実はこの傾向は、韓国だけではありません。現在の日本は、小林・益川両氏が学生だった40年前とは違い、優秀な生徒は医学部に殺到し、医学部の合格難易度は年々高くなるばかりです。そんな中、我が南山高校は、国公立大医学部合格率ランキングで全国第12位。(毎日新聞社刊「高校の実力2008年度版」による)また、女子校だけで見ると、何とあの東京の桜蔭を抜いて、堂々全国第1位になりました。
おめでとー!パチパチパチ!
おっと。この母校の進学実績は単純に喜ぶべきものでしょうか。他のランキング上位校を見ると、1位に東海高校、9位に旭丘高校の名古屋勢が入っています。ということは、優秀なナゴヤっ子は、実利主義の韓国と同様に医者ばっかりめざすので、もう名古屋からは、これ以上第4、第5のノーベル受賞者は出ないかもしれないということになりますね。
あら?賞がとれないといけませんか?賞をとるより人命を救うほうに意味はないですか?優秀な若者達が、モノの仕組みより、ヒトの生命の神秘に目覚め、医学を極めようとしているのかもしれませんよ。それとも、やっぱり、偏差値の低い理学部なんかに行って、将来の保証の何もない基礎研究なんか地味にやるより、偏差値も年収も高い医学部に挑戦する方が、カッコいいと思っているのでしょうか。

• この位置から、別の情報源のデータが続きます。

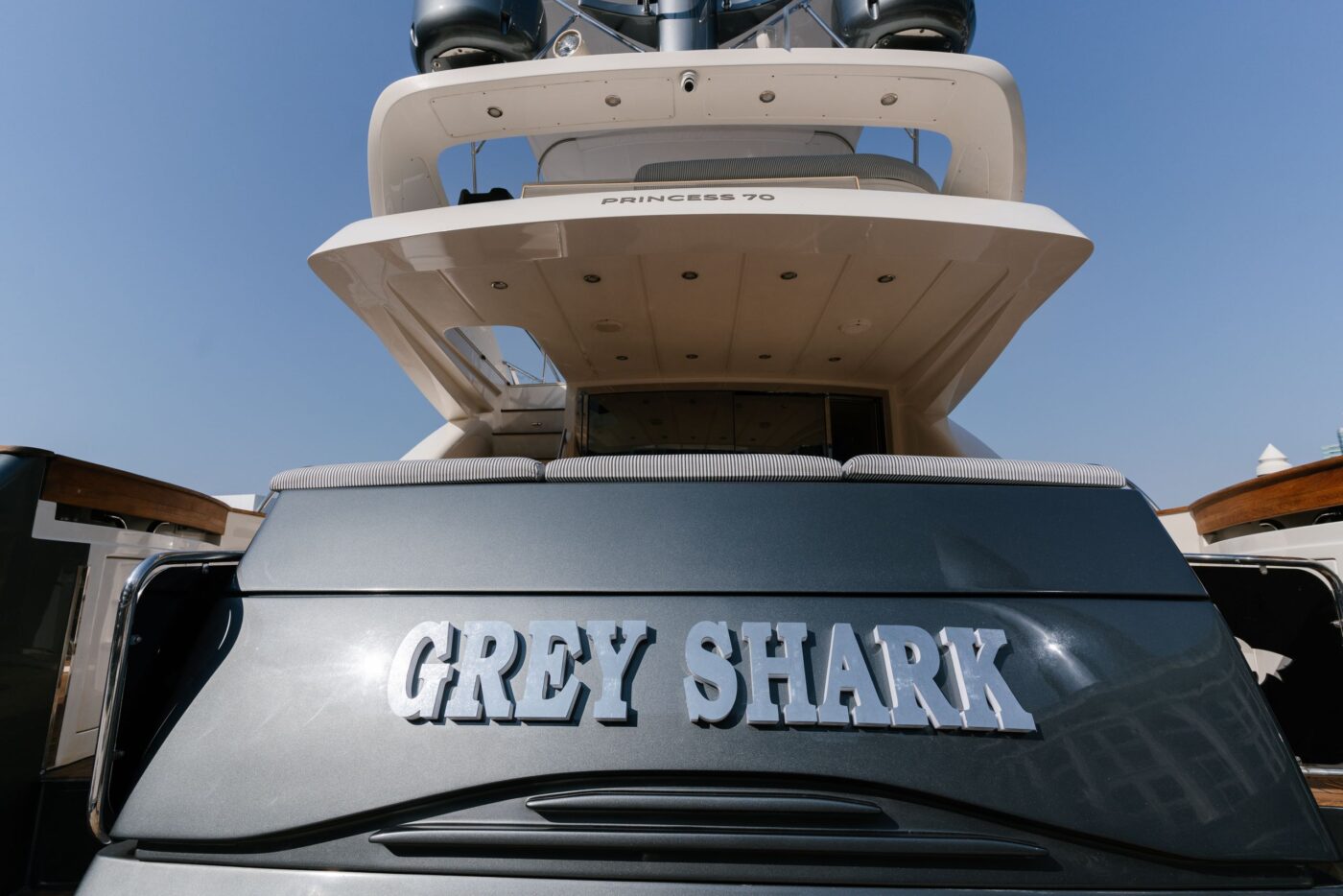 Yacht Princess 70 Grey Shark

このように、医学部人気の現状は、見る角度や立場によって、いかようにも解釈できて、単純に良いとも悪いとも評価できません。ただ南山人としての私に一つ言えることは、何をやるにせよ、自分のやっていることが、つまるところ「人間の尊厳のために」つながっているか、という自問を忘れないでいればよいのではないか、ということです。やっている事が心底大好きで、大変な時もあるけれど結局続けられることは、研究だろうと、仕事だろうと、習い事だろうと、家族の食事の支度だろうと、介護だろうと、全て「人間の尊厳のために」つながることだと思います。それは「ノーベル賞」受賞に勝るとも劣らぬ尊いことだと思っています。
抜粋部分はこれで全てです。